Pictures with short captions
*** Begin section ***

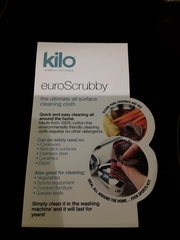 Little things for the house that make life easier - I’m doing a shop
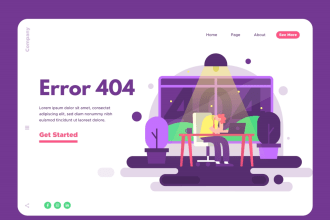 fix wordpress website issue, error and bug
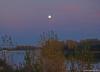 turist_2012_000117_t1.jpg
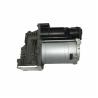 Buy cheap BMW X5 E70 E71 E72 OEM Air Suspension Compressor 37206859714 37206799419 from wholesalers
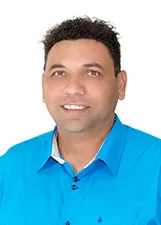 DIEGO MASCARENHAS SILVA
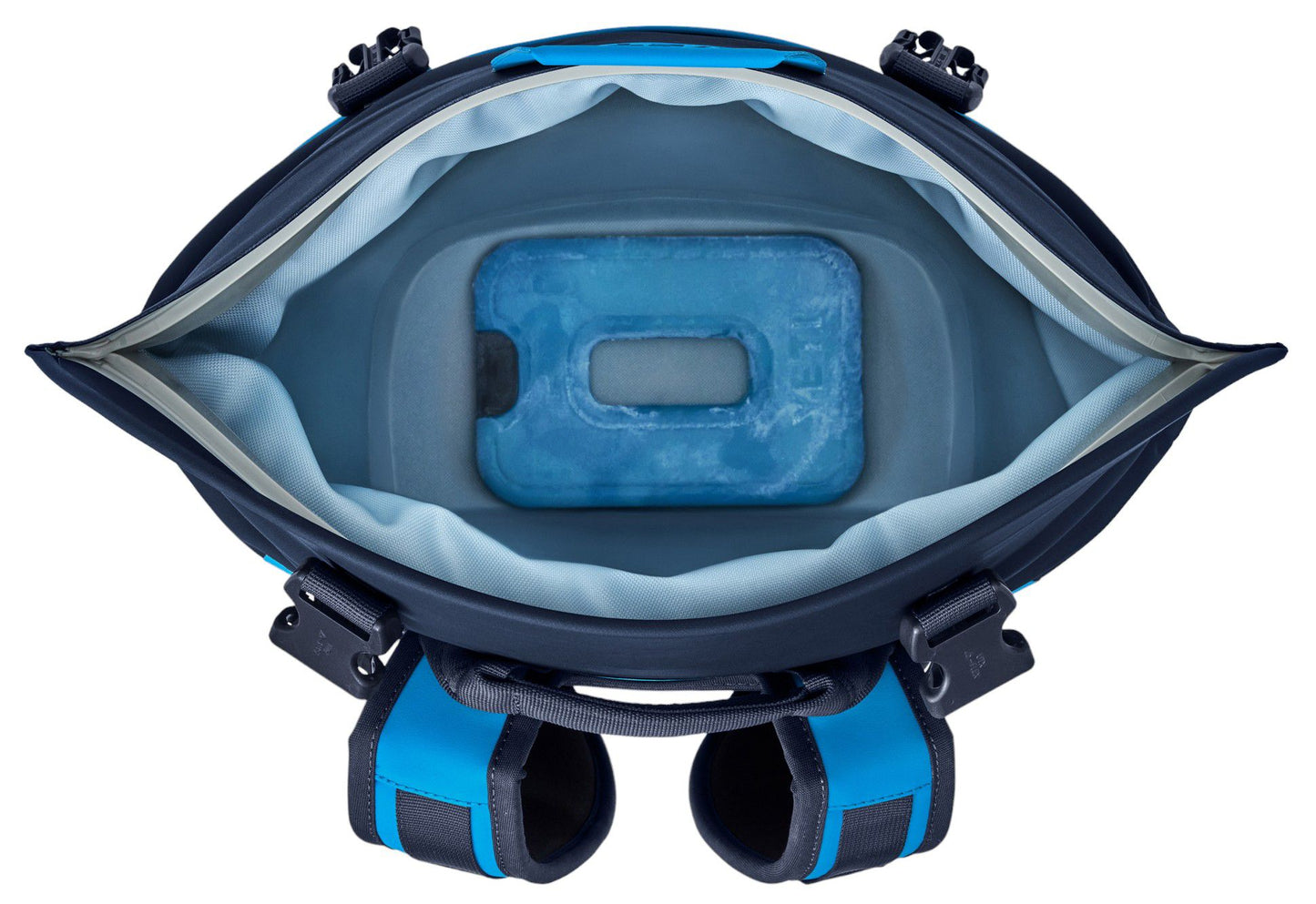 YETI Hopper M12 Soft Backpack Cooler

*** End section ***

ACTION ITEM
Leaving out the pictures, restate word for word the lines above from the one containing "Buy cheap BMW" through the end of the records, both ends included.

ANSWER AREA
 Buy cheap BMW X5 E70 E71 E72 OEM Air Suspension Compressor 37206859714 37206799419 from wholesalers
 DIEGO MASCARENHAS SILVA
 YETI Hopper M12 Soft Backpack Cooler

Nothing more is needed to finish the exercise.